まず、ポリティカル・コレクトネスが凋落傾向にあるとはどういうことなのかの説明が要るだろう。ジャーナリストがこれを口にするときにたいてい思い描いているのは、あの古臭い「言葉狩り」だ。もちろん、いまだに大学の隅のあちこちでこれが発生していることは認めざるを得ない。先日も大学のある人が、私が出した本のカバーに書かれた「この二十年で、西側諸国の政治システムはますます分断されつつある。右と左にではなく、気違いと非気違いに」という文に異議を挟んできた。「気違い」という言葉を使うことを非難するのだ。これは障害者差別なんだそうだ。

とまあ,この手のことはいまもある。ただ、それはもはや深刻な問題とは受け取られていないのだ。この種の言葉狩りは大学ではバカバカしいネタで、誰もがそれをどうやればいいか知っていて、しかも、学部を終える頃までには卒業するものだ。いろいろな人がいる集団の中でこのような言葉を使えば周囲は呆れて目をパチクリさせる。そんなことをすれば「お仲間」以外の人たちからは話をまともに扱ってはもらえなくなる、ということに普通はなっている。

他方、もっと深い問題がしっかり残っている。「“じぶん”学」と呼ばれる現象だ。学生に対し私たちはしょっちゅうこう言う。「長い目で見て、成功するためには自分が深い興味を持つことができ真に情熱を持てるテーマを選ぶことだ。」当然ながら一番情熱と関心を持てるテーマとは……まさに自分自身、となる。というか,誰だって「この地球上でいまこの瞬間になにより関心をそそるものは自分の人生だ」と思うのは,圧倒的でしごく当然の傾向だ。人生は自分のためのものなのだから!

で、なかには「自分の情熱に従いなさい」との助言を受けて、「論文で自分自身に関する主題を選んでもいいのだ」と思う人たちがでてくる。一例として、モントリオールで人類学を学んでいた私の古い友人の修士論文なのだが、タイトルを正確には思い出せないが、確か「モントリオールのプラト―地区におけるケベック人-ユダヤ人カップルの違いの埋め方」というようなものだった。彼女は当時ユダヤ人若者と一緒に、ご想像通り、プラトー地区に住んでいた。そう、彼女の修士論文のテーマは自分の恋愛関係についてだった。この例は、クラシックな 「“じぶん”学」。

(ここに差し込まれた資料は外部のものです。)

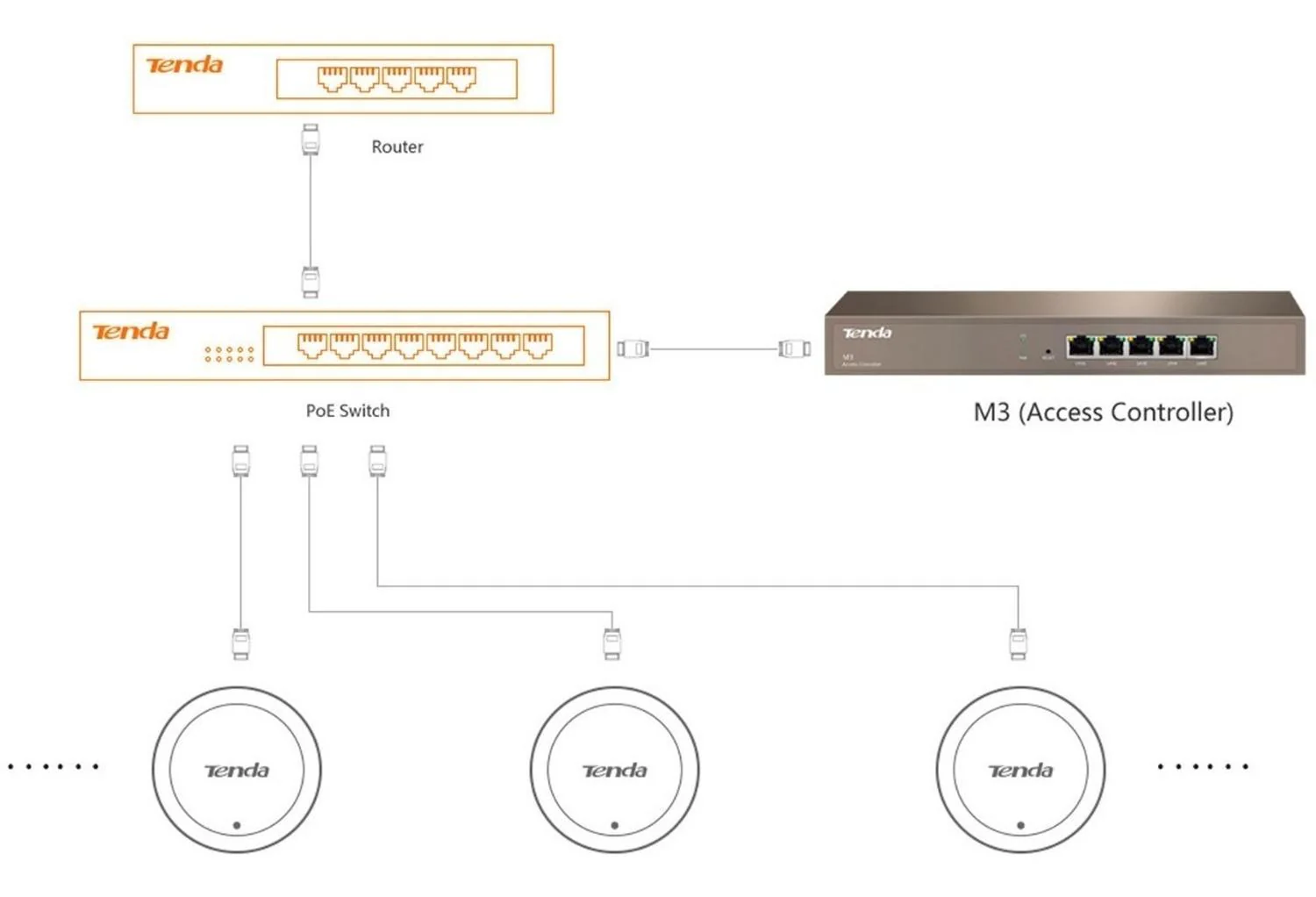Controlador Inalambrico TENDA M3 5Ptos Gigabit Ethernet 150512 - Image 3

しかしこの例は、そんなに害のない方である。しかし若干歪んではいる。なぜなら、基本的に人文学の広い意味での目的を転倒させているからだ。人文学の本来の目的は、歴史的また文化的にすさまじいまでに多様な形をとる人間経験というものについての理解を深めることだ。基本的に、人それぞれに世界の理解や評価のしかたは根本的に違っているものだ。それゆえ自分自身を研究することに時間をかけることは、ある意味あまりよい教育を受けたことにはならないということになる。もちろんすべての人がよい教育を受けなければならないわけではない。

ただ「“じぶん”学」は、「自分自身そのもの」ではなく「自分を抑圧しているもの」を学ぼうとする場合に、問題をはらむものになりやすい。もちろん抑圧自体は完全に正当な探求テーマであるし、その形態も多様だ。実際、20世紀を通して私たちが消し去ろうとした様々な社会的不平等の問題は、努力もむなしく、非常に御しがたいものだとわかった程度に過ぎない。

なにしろ、不平等を無くすのが難しい理由を示すことだけでも驚異的にチャレンジングな冒険だ。(一例として、男女の給与格差を挙げる。この格差がどうして生まれるのかは本当にはわかっていないし、これまでに明らかになっている諸理論も問題全体のほんの一部分しか説明できていないということは少し論文に当たるだけでわかるだろう。解決が待たれる社会科学上の重要問題が居座っている。)

それにしても、多様な形をとる抑圧というものを学ぶのに最もふさわしいのはどのような人だろうか。立ち止まって考えてみるとこの問題の扱いは難しい。結局、われわれ皆、自分たちが研究している世界のなかで生きているのだ。いちばんふさわしい位置にいるのは、実際に抑圧されている人だろうか、それともそうでない人だろうか。どちらも理想的とは言えない。理論構築のどこかの水準で自己利益か自己弁護のどちらかのバイアスがかかるだろうからだ。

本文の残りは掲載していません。